• **Task statement**
Go through the listing below and repeat it exactly, omitting each picture.

Top of Data excerpt

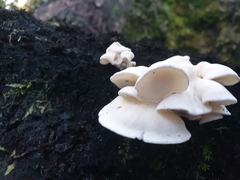 Gloeoporus phlebophorus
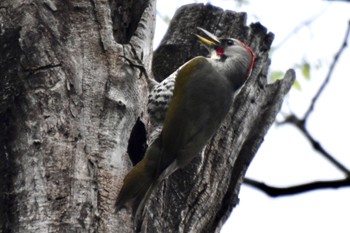 Japanese Green Woodpecker 練馬区 Tue, 4/30/2024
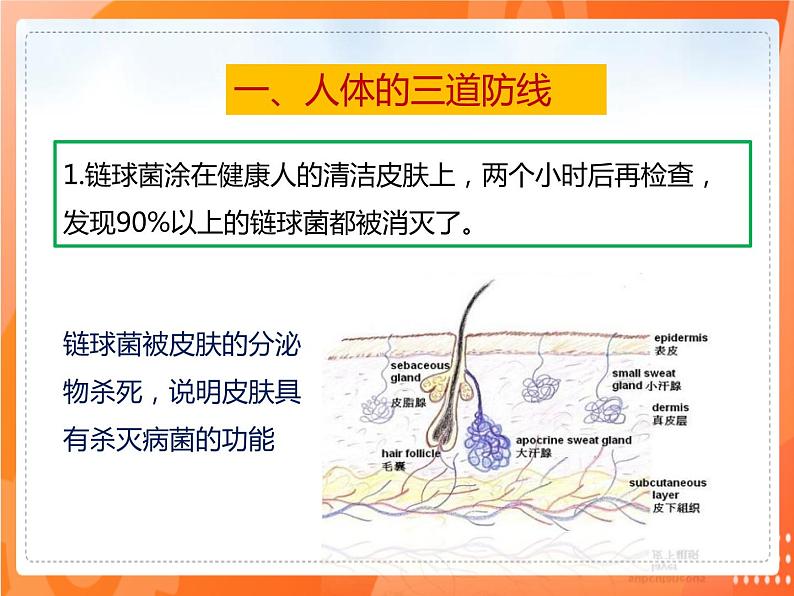 8.1.2免疫与计划免疫（第1课时）-2021-2022学年八年级生物下册同步课件（人教版）03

Bottom of Data excerpt

• **Solution to the problem**
 Gloeoporus phlebophorus
 Japanese Green Woodpecker 練馬区 Tue, 4/30/2024
 8.1.2免疫与计划免疫（第1课时）-2021-2022学年八年级生物下册同步课件（人教版）03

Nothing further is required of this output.